L’éternelle exigence des politiciens allait s’exprimer, ils voulaient des têtes pour
satisfaire l’électorat.
Les hommes du commandant Licci effectuaient des recoupements auprès
des gondoliers. Eux aussi voyaient et entendaient beaucoup de choses au fil de
l’eau. Ils étaient souvent témoins de confidences échangées sur les banquettes des
gondoles, dans le tumulte du grand canal ou dans le calme des petites passes. Les
amoureux oubliaient le reste du monde et se laissaient aller à parler librement en
présence de leur guide. Cependant, les gondoliers arrivèrent aux mêmes constats, ils
ne pouvaient identifier avec certitude un individu masqué et costumé. La difficulté
se révélait de plus en plus insurmontable.
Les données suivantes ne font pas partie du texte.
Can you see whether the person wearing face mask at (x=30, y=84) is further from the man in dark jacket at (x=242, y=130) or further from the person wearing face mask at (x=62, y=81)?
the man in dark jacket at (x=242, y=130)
Les amis des pigeons ne furent guère loquaces. Ils braillaient davantage lors
de la vente des sachets de graines de maïs. À la demande de Sagol, Licci envoya des
hommes questionner les grainetiers de Saint-Marc. Les policiers interrogèrent sans
succès une dizaine de vendeurs : ils avaient vu au moins cinquante colombines. Le
carnaval protégeait les assassins, l’anonymat permettait tous les forfaits.